Man it's been a while since I've been as big as Ryan,lol. He weighs about a buck/20. I snapped the pic, but it was Ryan and Hunter Milliken holding an ice cat that I caught at Lake Alma. Let me dig through my old pics and see what I can come up for some others.


----------



## BuckeyeTom (Apr 6, 2004)

Here are some pics to get you in the mood....

Cat pics include Peon, RustyHook, Brooklyn(my daughter) and I.

The trout pics are a motley crew of crazy ice anglers.


----------



## peon (Feb 28, 2005)

tom them picks are great.. getting me in the mood to fish!! i can see from them picks i need to wear sunglasses on the ice ... rusty looks bad @$$ lol... that was a good year for ice cats on alma!!! and trout!!


----------



## neocats1 (Oct 14, 2006)

BuckeyeTom said:


> Man it's been a while since I've been as big as Ryan,lol.

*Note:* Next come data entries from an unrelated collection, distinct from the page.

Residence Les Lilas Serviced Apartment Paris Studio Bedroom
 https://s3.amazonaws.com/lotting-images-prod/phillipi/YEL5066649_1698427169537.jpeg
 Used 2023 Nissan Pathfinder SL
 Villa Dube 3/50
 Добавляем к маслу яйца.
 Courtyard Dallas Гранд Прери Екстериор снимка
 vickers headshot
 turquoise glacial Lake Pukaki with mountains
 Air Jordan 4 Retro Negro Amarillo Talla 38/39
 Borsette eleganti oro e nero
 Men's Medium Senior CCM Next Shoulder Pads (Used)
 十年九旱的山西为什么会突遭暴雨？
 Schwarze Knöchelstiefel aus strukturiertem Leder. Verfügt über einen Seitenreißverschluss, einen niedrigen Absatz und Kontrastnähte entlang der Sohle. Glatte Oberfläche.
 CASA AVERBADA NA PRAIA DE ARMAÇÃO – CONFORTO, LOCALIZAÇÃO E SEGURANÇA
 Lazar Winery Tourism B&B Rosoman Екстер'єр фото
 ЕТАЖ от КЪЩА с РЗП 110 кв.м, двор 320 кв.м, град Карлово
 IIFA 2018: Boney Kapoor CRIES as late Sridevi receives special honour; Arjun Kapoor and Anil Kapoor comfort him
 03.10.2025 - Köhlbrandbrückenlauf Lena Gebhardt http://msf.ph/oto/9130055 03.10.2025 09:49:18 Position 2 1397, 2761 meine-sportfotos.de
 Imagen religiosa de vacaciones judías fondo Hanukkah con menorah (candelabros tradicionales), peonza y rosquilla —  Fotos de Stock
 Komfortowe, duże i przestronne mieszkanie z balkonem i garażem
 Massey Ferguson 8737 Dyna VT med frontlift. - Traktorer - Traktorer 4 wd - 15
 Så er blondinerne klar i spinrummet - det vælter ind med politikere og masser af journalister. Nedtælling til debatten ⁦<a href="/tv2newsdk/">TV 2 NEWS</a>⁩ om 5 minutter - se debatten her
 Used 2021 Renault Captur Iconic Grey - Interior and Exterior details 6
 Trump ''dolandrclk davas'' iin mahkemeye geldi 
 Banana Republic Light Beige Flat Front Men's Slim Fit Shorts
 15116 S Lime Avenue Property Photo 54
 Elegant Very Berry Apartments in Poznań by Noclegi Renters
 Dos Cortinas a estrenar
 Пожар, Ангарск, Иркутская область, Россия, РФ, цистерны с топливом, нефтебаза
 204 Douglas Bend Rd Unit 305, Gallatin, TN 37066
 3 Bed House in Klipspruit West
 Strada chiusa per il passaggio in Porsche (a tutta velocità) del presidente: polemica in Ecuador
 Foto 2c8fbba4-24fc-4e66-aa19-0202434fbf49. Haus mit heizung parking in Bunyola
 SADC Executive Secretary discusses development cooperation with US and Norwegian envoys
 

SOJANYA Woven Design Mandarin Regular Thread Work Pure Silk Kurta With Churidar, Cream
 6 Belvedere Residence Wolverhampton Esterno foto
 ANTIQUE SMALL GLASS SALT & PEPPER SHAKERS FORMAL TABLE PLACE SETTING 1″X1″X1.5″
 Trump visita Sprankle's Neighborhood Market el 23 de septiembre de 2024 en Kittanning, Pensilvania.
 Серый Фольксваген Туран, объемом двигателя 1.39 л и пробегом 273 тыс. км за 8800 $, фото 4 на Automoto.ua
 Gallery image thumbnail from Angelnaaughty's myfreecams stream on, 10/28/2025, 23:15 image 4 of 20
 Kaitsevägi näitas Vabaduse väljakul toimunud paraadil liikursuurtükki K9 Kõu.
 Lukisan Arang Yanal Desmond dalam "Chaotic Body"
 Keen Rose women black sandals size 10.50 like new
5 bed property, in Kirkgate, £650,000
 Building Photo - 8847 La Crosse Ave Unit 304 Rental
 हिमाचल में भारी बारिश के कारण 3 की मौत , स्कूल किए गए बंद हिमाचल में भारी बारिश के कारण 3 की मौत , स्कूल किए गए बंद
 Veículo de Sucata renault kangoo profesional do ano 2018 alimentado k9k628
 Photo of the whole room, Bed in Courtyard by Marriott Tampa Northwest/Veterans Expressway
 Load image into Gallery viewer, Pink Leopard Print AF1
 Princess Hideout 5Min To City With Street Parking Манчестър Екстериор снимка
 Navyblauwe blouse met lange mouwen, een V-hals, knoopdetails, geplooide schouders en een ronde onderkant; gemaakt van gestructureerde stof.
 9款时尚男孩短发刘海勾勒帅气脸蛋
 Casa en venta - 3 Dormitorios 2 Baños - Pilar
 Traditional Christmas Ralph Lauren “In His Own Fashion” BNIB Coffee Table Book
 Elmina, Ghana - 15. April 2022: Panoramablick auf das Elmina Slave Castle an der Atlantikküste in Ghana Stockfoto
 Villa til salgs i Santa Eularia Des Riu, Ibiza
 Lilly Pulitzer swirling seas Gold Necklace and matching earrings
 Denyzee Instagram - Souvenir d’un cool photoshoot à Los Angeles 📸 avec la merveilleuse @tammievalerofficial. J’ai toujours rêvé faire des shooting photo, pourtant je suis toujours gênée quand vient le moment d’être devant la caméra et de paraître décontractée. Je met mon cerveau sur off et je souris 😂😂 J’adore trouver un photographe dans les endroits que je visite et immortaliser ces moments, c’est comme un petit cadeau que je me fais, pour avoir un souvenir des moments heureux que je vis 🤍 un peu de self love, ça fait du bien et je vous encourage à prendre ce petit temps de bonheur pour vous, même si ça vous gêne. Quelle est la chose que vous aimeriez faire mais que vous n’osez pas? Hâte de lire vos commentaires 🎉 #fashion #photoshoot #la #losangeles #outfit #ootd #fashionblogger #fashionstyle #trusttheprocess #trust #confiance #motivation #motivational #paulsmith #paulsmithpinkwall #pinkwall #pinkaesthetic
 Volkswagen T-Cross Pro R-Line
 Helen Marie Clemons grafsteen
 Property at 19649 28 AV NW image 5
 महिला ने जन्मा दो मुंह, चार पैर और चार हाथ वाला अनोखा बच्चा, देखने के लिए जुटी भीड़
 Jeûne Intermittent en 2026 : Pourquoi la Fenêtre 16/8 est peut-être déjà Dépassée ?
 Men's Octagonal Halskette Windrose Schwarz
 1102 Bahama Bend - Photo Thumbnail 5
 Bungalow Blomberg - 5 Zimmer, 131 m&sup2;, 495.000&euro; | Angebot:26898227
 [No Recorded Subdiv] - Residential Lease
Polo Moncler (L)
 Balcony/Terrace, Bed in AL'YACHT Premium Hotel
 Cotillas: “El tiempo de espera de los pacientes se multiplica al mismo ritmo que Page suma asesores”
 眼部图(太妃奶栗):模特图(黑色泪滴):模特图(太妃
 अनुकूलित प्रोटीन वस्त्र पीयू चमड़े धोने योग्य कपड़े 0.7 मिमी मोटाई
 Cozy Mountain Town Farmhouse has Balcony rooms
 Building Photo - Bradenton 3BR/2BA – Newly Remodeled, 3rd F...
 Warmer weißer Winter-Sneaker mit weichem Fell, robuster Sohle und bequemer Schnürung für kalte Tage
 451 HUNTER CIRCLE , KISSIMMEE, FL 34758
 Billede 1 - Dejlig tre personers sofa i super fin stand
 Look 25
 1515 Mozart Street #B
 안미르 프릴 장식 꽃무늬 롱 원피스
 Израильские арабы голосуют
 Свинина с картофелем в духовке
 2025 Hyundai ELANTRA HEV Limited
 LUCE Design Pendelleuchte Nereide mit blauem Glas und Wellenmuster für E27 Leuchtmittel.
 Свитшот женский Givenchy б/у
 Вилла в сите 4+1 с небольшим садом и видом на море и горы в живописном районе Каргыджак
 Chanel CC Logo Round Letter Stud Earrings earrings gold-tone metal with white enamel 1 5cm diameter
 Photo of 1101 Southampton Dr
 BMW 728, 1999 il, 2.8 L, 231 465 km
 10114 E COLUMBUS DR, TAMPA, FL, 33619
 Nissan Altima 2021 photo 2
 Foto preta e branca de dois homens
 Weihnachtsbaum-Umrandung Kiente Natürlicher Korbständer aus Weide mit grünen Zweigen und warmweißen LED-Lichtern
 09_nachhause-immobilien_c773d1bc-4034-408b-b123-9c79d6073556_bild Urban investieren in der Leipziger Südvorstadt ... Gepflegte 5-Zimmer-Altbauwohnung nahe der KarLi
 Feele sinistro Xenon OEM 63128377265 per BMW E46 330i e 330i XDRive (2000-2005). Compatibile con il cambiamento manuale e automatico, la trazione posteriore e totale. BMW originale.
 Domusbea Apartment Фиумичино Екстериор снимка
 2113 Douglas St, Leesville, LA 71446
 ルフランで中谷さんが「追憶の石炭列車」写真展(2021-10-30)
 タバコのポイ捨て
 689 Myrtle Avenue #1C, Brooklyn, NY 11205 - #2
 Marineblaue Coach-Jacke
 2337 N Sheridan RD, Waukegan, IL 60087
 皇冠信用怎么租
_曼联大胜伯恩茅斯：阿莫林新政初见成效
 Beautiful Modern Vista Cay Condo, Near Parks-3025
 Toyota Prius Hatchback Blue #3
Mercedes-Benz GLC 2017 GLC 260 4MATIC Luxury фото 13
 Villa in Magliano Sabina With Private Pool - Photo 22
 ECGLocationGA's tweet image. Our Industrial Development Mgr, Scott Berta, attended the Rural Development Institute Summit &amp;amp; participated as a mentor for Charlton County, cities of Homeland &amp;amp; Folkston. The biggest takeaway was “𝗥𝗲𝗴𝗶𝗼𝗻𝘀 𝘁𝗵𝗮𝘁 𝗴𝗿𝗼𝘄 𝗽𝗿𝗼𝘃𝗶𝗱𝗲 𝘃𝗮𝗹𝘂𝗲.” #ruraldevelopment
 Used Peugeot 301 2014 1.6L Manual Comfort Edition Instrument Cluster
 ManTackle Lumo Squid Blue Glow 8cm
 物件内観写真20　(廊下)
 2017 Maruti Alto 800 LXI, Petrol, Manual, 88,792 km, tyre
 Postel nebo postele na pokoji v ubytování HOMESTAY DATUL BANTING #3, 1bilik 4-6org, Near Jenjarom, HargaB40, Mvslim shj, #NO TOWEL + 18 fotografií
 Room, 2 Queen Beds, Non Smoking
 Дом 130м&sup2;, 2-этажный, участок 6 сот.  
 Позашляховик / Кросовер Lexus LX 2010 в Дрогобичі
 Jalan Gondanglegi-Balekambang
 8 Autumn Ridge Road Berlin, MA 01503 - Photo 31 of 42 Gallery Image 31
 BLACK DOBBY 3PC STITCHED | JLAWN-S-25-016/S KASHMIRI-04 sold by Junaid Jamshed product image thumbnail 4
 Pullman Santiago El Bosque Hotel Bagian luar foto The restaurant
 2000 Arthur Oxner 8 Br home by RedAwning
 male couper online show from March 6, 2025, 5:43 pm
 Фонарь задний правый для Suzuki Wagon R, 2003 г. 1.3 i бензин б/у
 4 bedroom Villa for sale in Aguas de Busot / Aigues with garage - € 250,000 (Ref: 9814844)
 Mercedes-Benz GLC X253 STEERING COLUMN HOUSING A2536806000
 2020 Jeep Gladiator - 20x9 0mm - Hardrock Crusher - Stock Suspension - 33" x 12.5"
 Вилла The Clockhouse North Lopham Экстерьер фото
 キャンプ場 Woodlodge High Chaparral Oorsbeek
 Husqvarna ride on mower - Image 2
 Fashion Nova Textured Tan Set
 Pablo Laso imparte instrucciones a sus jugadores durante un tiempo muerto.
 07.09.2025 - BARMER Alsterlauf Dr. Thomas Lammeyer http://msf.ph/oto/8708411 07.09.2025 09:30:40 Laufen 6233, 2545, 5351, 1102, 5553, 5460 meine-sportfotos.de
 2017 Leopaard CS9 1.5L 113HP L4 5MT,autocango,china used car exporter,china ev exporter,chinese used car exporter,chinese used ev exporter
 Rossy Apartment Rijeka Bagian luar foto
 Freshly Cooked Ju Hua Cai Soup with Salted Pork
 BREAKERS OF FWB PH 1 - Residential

He weighs about a buck/20. I snapped the pic, but it was Ryan and Hunter Milliken holding an ice cat that I caught at Lake Alma. Let me dig through my old pics and see what I can come up for some others.


I guess I just assumed that pic was of you because you sent it to me a while back. Sorry 'bout that.


----------



## dinkbuster1 (Oct 28, 2005)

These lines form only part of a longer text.